── EXTRACTED MATERIAL ──

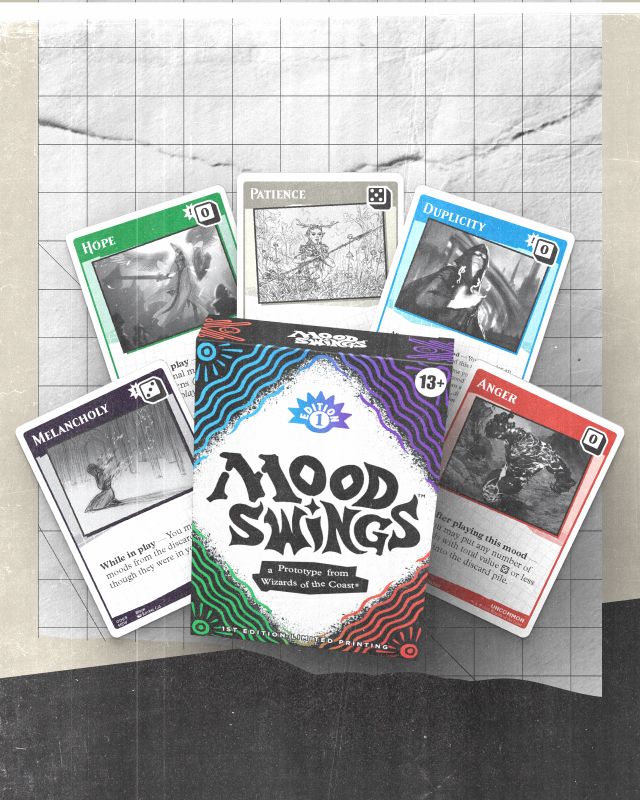 Mood Swings board game cover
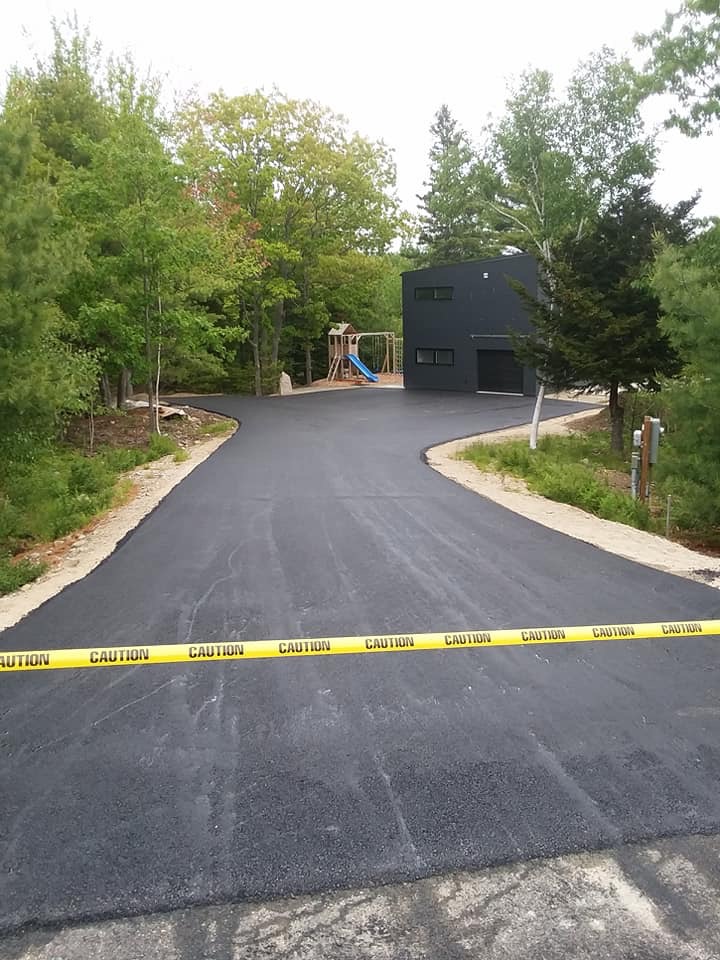 Paving Contractor Quality Asphalt, Gravel, & Sealcoat Searsport, Maine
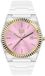 Ice Watch ICE power - PW1 - White clear pink 024774 Horloge - Siliconen - Wit - Ø 36 mm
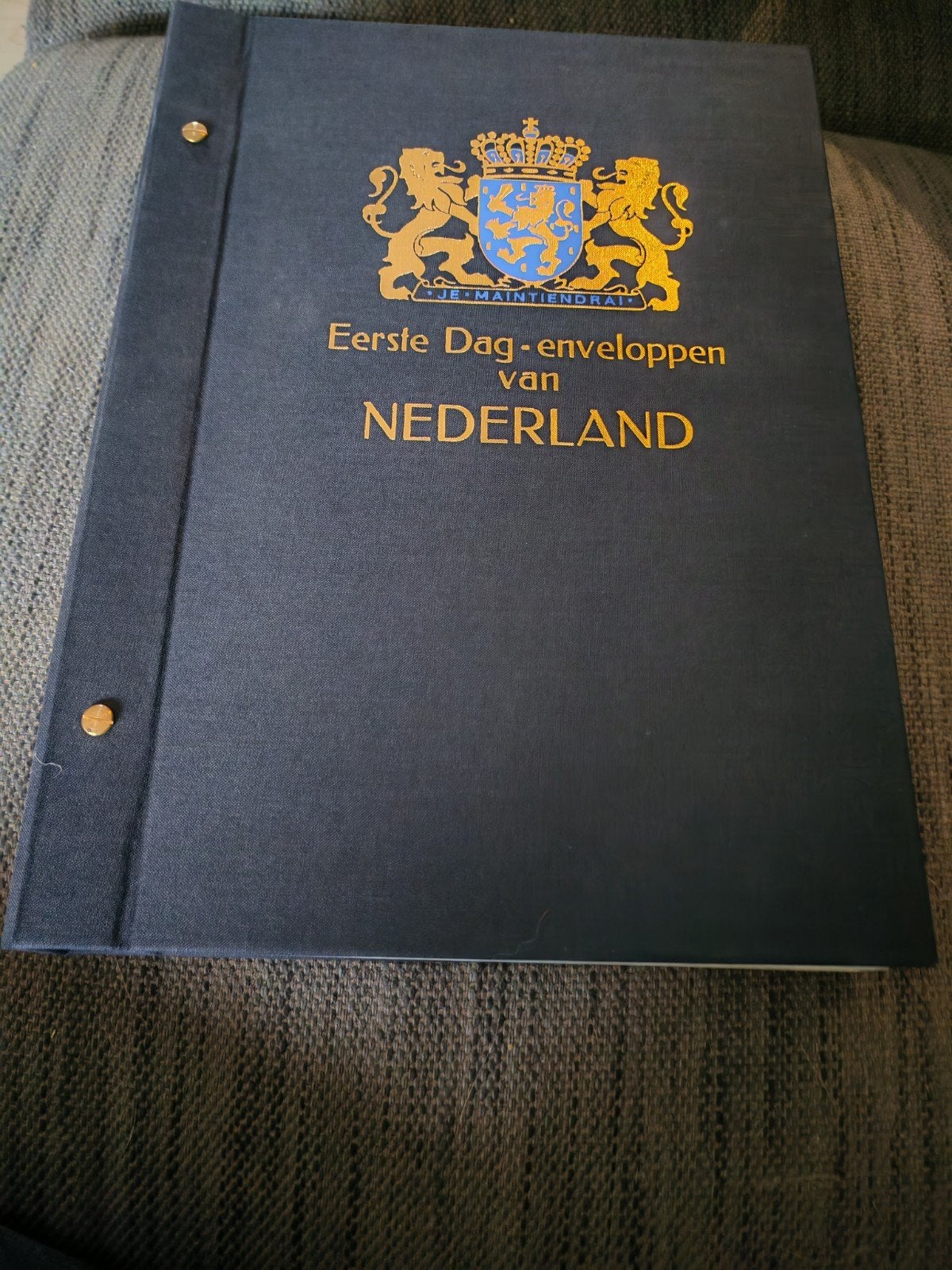 Nederland zgan davo Fdc album met fdcs jaren 90 (1/2), Postzegels en Munten, Ophalen of Verzenden, Nederland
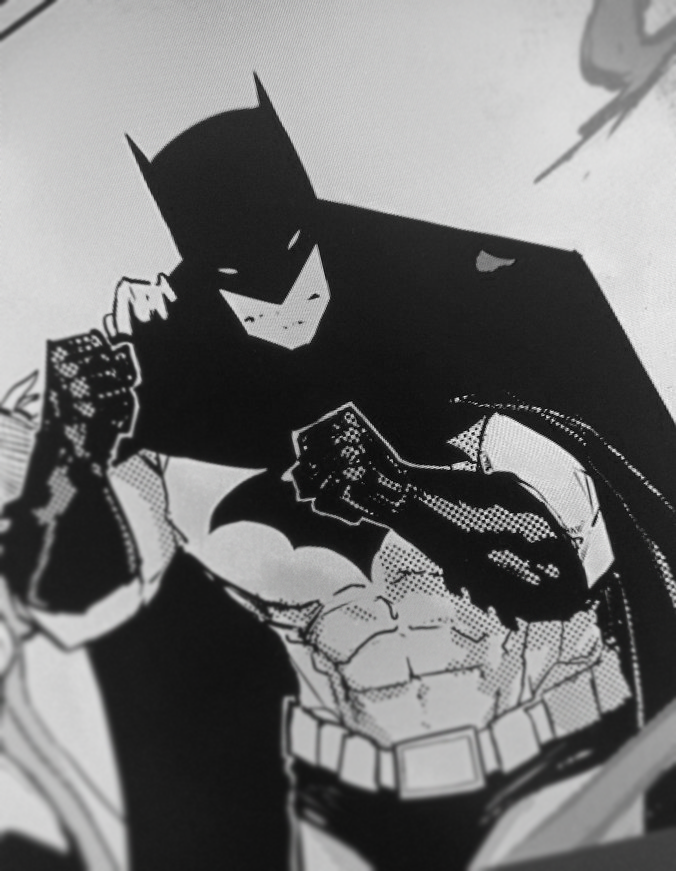 But the thing that I'm most proud of is I got to draw my childhood hero and character that brought me into comics in the first place.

───

* _DIRECTIONS_:
Precisely the lines from the one containing "Ice Watch ICE" to the end of the data above, both included, should be printed; leave the pictures out.

* _REPLY_:
 Ice Watch ICE power - PW1 - White clear pink 024774 Horloge - Siliconen - Wit - Ø 36 mm
 Nederland zgan davo Fdc album met fdcs jaren 90 (1/2), Postzegels en Munten, Ophalen of Verzenden, Nederland
 But the thing that I'm most proud of is I got to draw my childhood hero and character that brought me into comics in the first place.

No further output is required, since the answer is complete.